Different case is the situation where I have a parallel program, so it runs on multiple processors and there is a high probability that there are cache consistency problems.

Quite right?


Solution

  • In a single-threaded program, unless otherwise programmed, it doesn't change the thread by itself, except if OS does (and when it does, all the same thread-states are re-loaded from memory into that cache so there is no problem about coherence in there).

    In a multi-threaded program, an update on same variable found on other caches needs to inform those caches somehow. This causes a re-flow of data through all other caches. Maybe it's not a blocking effect on same thread but once user wants only updated values, the synchronization / locking will see a performance hit. Especially when there are also other variables being updated on very close addresses such that they're in same cache-line. That's why using 20-byte elements for locking resolution is worse than using 128-byte elements in an array of locks.

    If CPUs did not have coherence, multi-threading wouldn't work efficiently. So, for some versions, they chose to broadcast an update to all caches (as in Snoop cache). But this is not efficient on high number of cores. If 1000 cores existed in same CPU, it would require a 1000-way broadcasting logic consuming a lot of area of circuitry. So they break the problem into smaller parts and add other ways like directory-based coherence & multiple chunks of multiple cores. But this adds more latency for the coherence.

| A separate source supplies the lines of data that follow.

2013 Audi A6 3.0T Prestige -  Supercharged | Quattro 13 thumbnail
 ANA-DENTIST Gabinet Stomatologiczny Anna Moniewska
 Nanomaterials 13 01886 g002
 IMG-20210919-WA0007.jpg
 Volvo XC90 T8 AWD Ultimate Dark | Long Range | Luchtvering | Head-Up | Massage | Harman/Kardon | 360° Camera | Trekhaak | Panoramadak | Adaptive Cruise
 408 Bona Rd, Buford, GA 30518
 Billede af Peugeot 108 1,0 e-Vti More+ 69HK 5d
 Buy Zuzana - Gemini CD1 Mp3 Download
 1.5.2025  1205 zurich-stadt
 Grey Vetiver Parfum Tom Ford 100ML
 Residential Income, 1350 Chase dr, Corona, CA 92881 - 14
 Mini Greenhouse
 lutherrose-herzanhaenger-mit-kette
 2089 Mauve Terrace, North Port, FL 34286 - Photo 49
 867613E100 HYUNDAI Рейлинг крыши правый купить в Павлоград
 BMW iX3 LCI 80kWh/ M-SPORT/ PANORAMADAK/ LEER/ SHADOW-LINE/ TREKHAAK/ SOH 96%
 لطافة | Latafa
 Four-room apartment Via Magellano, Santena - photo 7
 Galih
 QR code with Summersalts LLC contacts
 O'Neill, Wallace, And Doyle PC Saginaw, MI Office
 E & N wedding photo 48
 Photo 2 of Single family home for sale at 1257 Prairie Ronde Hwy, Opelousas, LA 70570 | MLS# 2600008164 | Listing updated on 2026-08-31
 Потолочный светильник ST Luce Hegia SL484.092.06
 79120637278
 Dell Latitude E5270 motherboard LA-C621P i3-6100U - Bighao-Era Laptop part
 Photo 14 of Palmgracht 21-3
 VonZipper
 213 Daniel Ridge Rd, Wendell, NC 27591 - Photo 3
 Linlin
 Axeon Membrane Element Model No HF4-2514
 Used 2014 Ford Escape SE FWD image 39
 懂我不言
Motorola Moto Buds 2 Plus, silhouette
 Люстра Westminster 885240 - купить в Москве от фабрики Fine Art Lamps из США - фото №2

    On the other hand, many GPUs do not implement automatic cache coherence because

    • the algorithm given by developer is generally embarrassingly parallel with only few points of synchronization and multiple blocks of threads do not require to communicate with other blocks (when they do, they go through a common cache by developer's choice of instructions anyway)
    • there are thousands of streaming pipelines (not real cores) that just need to make memory requests efficiently or else there wouldn't be enough space for that many pipelines
    • high throughput is required instead of low-latency (no need for implicit coherence anywhere)

    so multi-processors in a GPU are designed to do completely independent work from each other and adding automatic coherence would add little performance (if not subtract). When developer needs to synchronize data between multiple threads in GPU in same block, there are instructions for this and not using these do not make any valid data update. So it's just an optional cache coherence in GPU.